The resolution extends the political and legal dispute over Trump's campaign pledge to build a wall on the U.S.-Mexico border. In several recent lawsuits, including one filed by 16 U.S. states, groups have challenged the emergency declaration. Critics have questioned not only the president's authority to take the step, but also whether migration over the border really constitutes a national emergency.
"All Members take an oath of office to support and defend the Constitution," Pelosi wrote to colleagues this week. "The President's decision to go outside the bounds of the law to try to get what he failed to achieve in the constitutional legislative process violates the Constitution and must be terminated."

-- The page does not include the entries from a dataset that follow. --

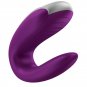 Satisfyer Double Fun Partner Vibrator, Purple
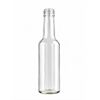  Geradhalsflasche klar 28mm | 0,25 Liter
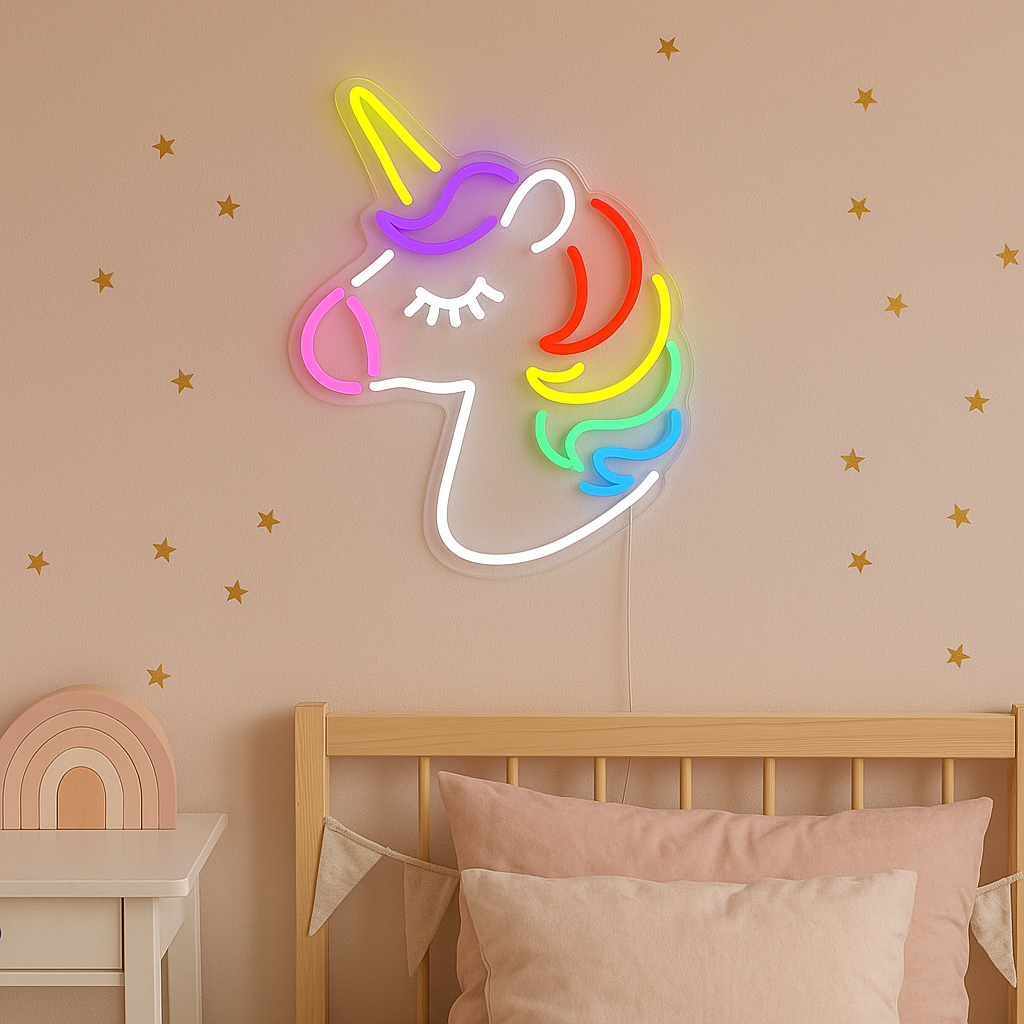 Einhorn Neon Wandlampe – Farbenfrohe Magie Für Ihr Zuhause 1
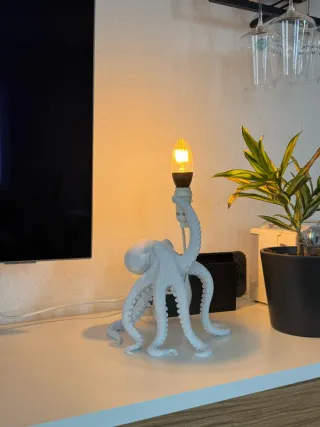 Lámpara Pulpo Mesa Multicolor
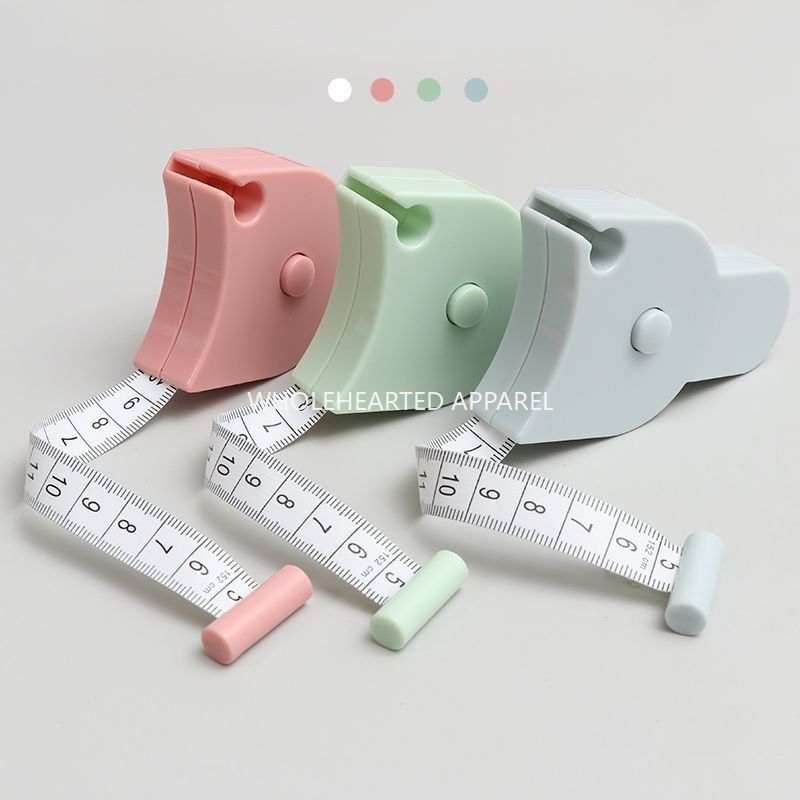 1676★  Special circumference ruler fitness ruler waist ruler hip circumference leg circumference automatic high-precision shrinkage measurement soft ruler household ruler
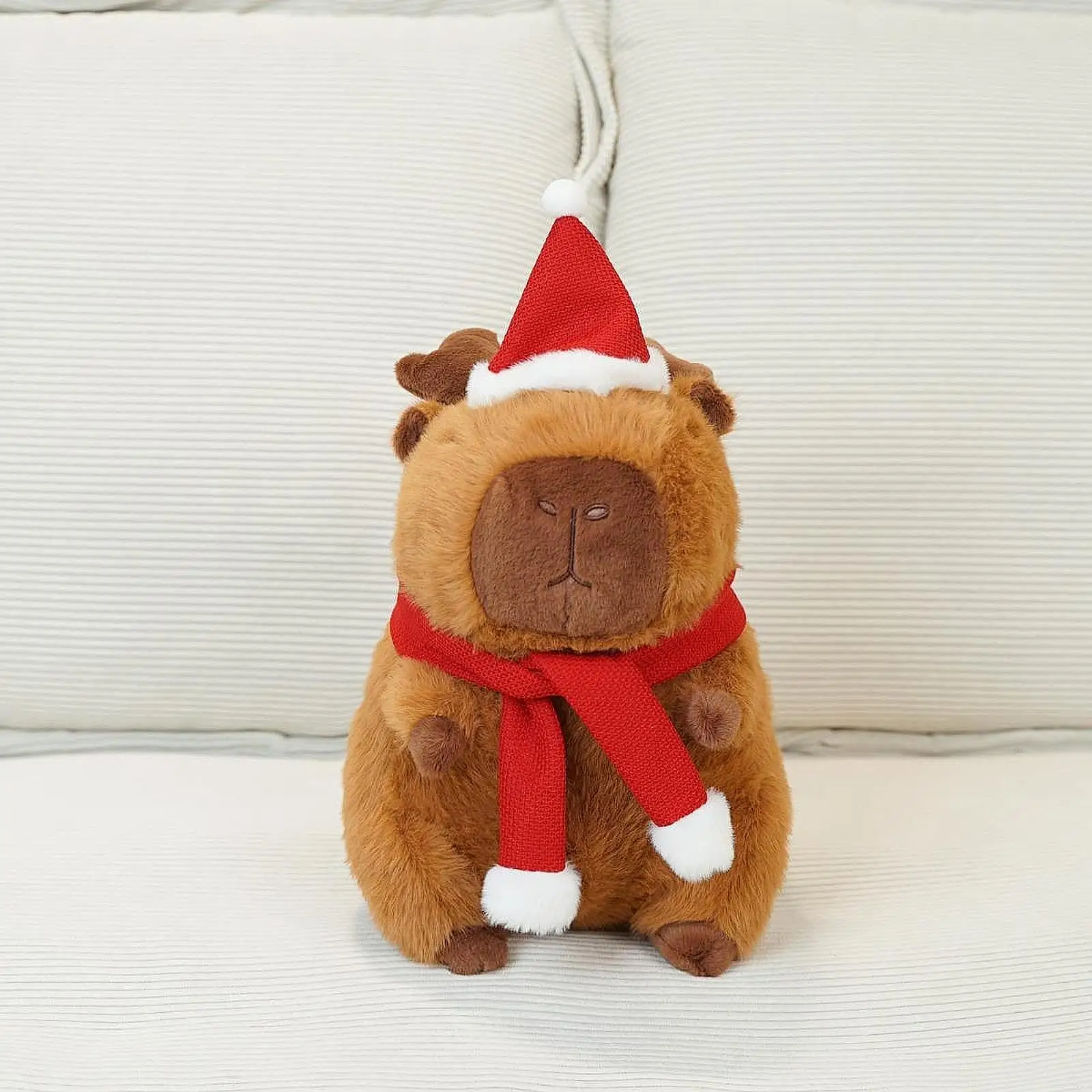 Juguete de peluche de capibara, lindo animal de peluche de capibara suave para niños y adultos, regalos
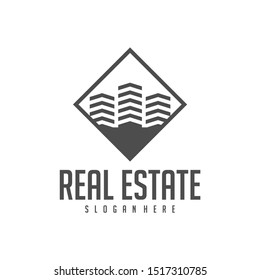 Building Idea logo template, Modern City logo designs concept, Real Estate logo Vector Illustration
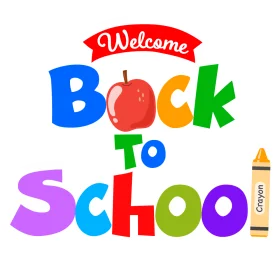 Colorful and Cheerful Back to School Clipart with Welcoming Design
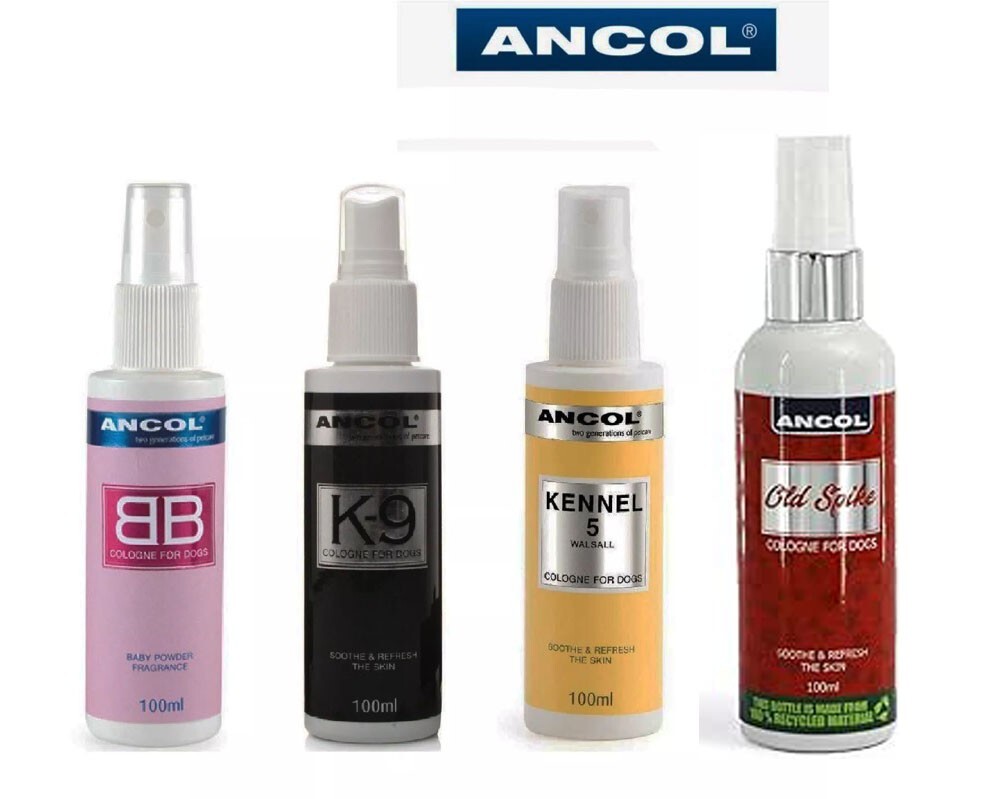 Ancol Dog Puppy Cologne Perfume Deodorant Spray baby powder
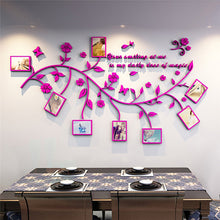 Load image into Gallery viewer, 3D DIY Photo Frame Tree Branch PVC Acrylic Wall Decals Adhesive Family Wall Stickers Mural Art Home Decor Bedroom Stickers
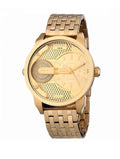  Shop Authentic Diesel Mini Daddy Gold Dial Gold Steel Strap Watch For Men - DZ7306 - Luxxuri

Opponents of the emergency declaration have partly pointed to Trump's comments last week, when he said he "didn't need to" take the action but would rather get money for the wall "much faster."
Trump last week signed a spending bill into law to keep the government running through Sept. 30 and allocate $1.375 billion for building border barriers. Trump had pushed for $5.7 billion for a wall — a demand that led to a record 35-day partial government shutdown in December and January.
Stymied by Congress, Trump aims to use executive authority to construct the wall, using $8 billion total toward the barriers. The sum includes the funds appropriated by Congress, along with money he plans to divert from other departments through executive action.
He would not use only the emergency declaration. Trump plans to take separate executive actions to put $2.5 billion from the Department of Defense's drug interdiction program and $600 million from the Treasury Department's drug forfeiture fund toward the wall.
Through the emergency declaration, the president aims to divert $3.6 billion from the Pentagon's military construction funds toward the wall.
The American Civil Liberties Union — which filed one of the lawsuits challenging the declaration — cheered Castro's measure. Christopher Anders, deputy director of the ACLU Washington Legislative Office, said Trump's "effort to abuse" laws "makes it critical" for Congress to support Castro's legislation.
Numerous Republicans have showed concerns about the president's executive action. In particular, they have warned it would set a dangerous precedent that Democratic presidents can cite in the future.
Still, expressing worries and voting to block the measure are two different matters.
"The national emergency to me is not the preferred way to go," Sen. Rob Portman, R-Ohio, told CNBC on Tuesday, without saying whether he would support the House resolution.